Şimdi İki peygamber varisi velinin kıyaslanmasına bakalıum
Vaktaki irfan aşığı bir zat, çok hürmet etdiği kemali bir zata demişki
Bana ermiş iki veli gösterir misin? diye yalvarmış
O zatda "Haydi sokağa çıkalım sana istediğini göstereceğim" buyurmuş
Sokağa çıkmışlar. Kasap dükkanına uğramış ,1.5 kilo et kesetirmiş eti alır almaz.
“Bu et yağlı” demiş beğenmemiş
Kasap bir dana kesmiş bu seferde “Çok yağsız verdin” demiş yine beğenmemiş. Kasap bir daha kesmiş, bu defa “iyi ama çok kemikli oldu”

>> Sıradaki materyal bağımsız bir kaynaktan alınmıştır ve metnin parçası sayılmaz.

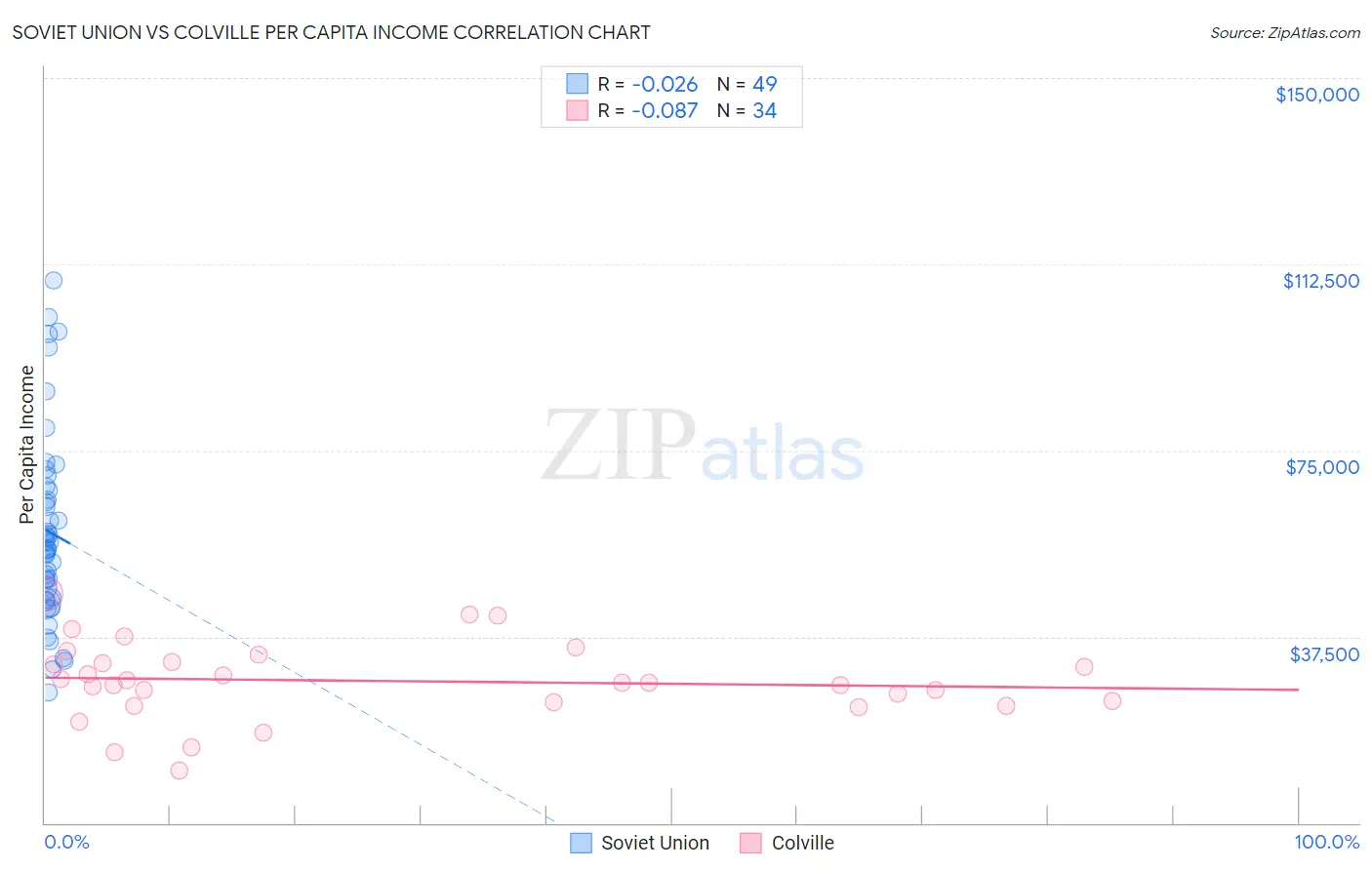 Soviet Union vs Colville Per Capita Income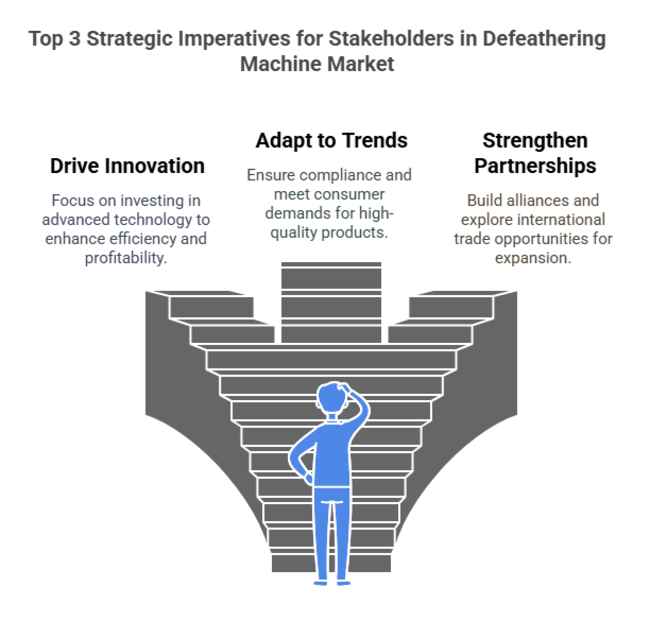 Top 3 Strategic Imperatives For Stakeholders In Defeathering Machine Market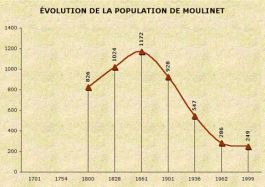 population_moulinet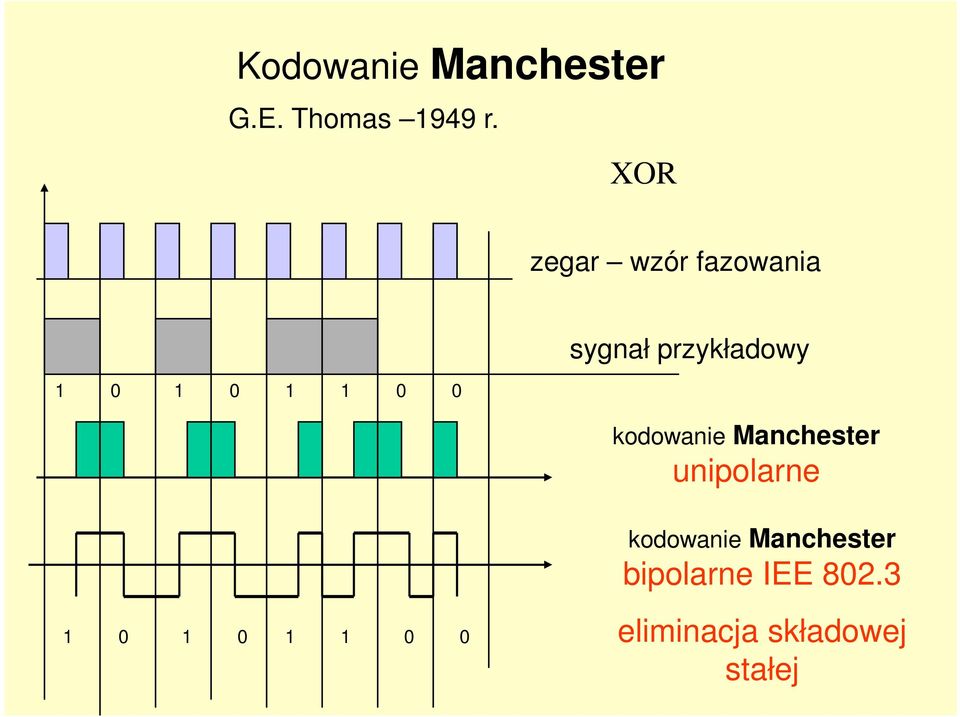 przykładowy kodowanie Manchester unipolarne kodowanie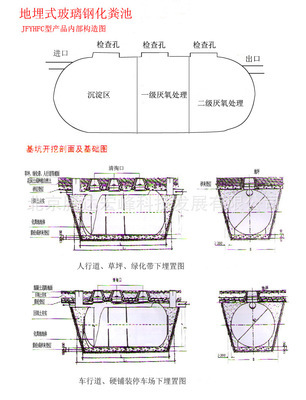污水处理成套设备-北京小区玻璃钢化粪池 批发化粪池 玻璃钢化粪池供.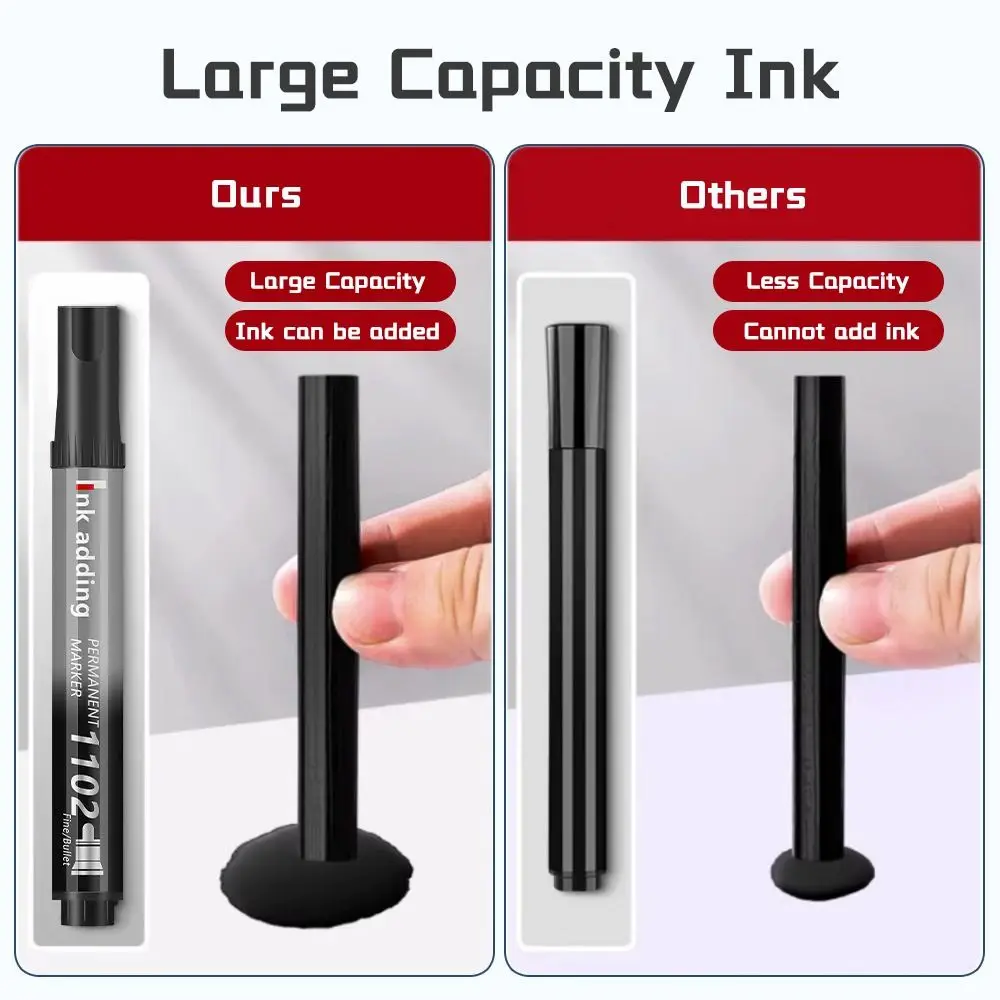 12 шт./компл., 3 мм, перманентный маркер, водостойкий, быстросохнущий, художественный маркер, большая емкость, тонкая точка, чернильный маркер на масляной основе
12 шт./компл., 3 мм, перманентный маркер, водостойкий, быстросохнущий, художественный маркер, большая емкость, тонкая точка, чернильный маркер на масляной основе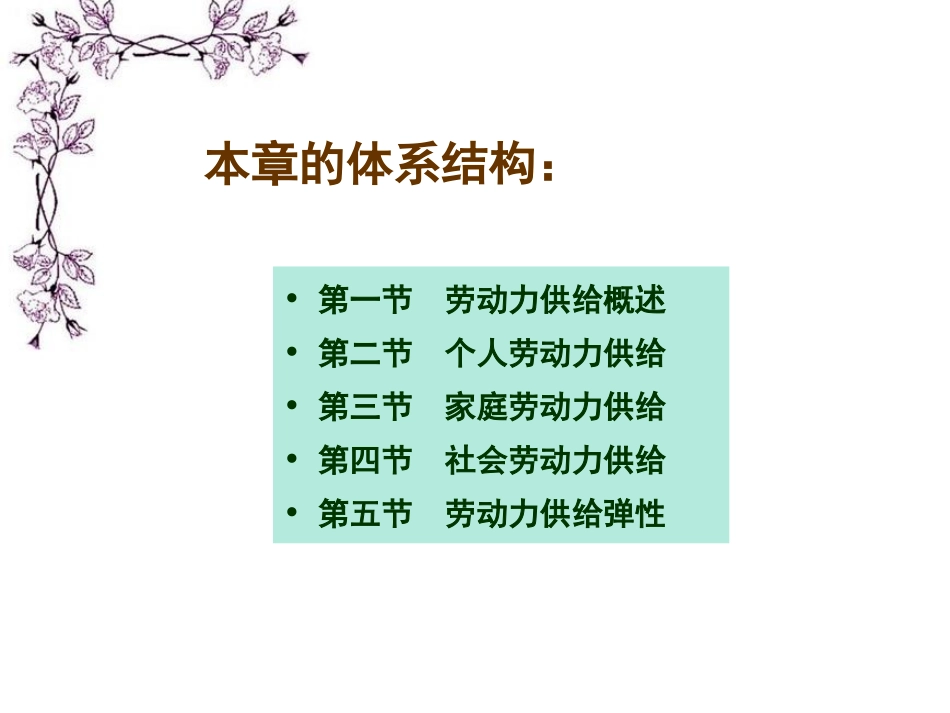 第2章 劳动供给分析_第3页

demiş reddetmiş. Hulasa koyunu parça parça yaptıkdıktan sonra “Beğenmedim bugün et almayacağım” diyerek dükkanda çıkmış, kasap da: “kusura bakmayın size layık et yapamadım” diye özür dilemiş
Kamil zat yanındaki zata dönerek “nasıl” demiş “İşte veli böyle olur. Koyunu parça parça etdirdik de adam gık demedi. Zira her sözü, her işi Allah’dan diliyor ve biliyor. Şimdi gel sana evliyadan birini daha göstereyim” diye bu defa bedestena kapalı çarşıya, yün kumaş satan bir dükkana uğramışlar, kamil zat selam vermiş rafdaki toplardan birkaç top çuha gösterek "Şu çuhaları bana gösterebilir misiniz?" Demiş Mal sahibi cevaben
“Yook! Böyle alışveriş olmaz. Evvela çuhalardan birini katiyyen beğeneceksiniz. Sonra fiyatını karar vereceksiniz ondan sonra kestirip alacaksınız ben kasap değilim, eti parçalatdırıp, parçalatdırıp da beğenmedim diyerek çıkıp gidesiniz” diyince, oradan da ayrılmışlar.
Kamil zat talib olan kimseye “İşte bu da veli. Kasabın koyununu parçatladığımızı biliyor. Şimdi sence bunların hangisi daha büyük veli.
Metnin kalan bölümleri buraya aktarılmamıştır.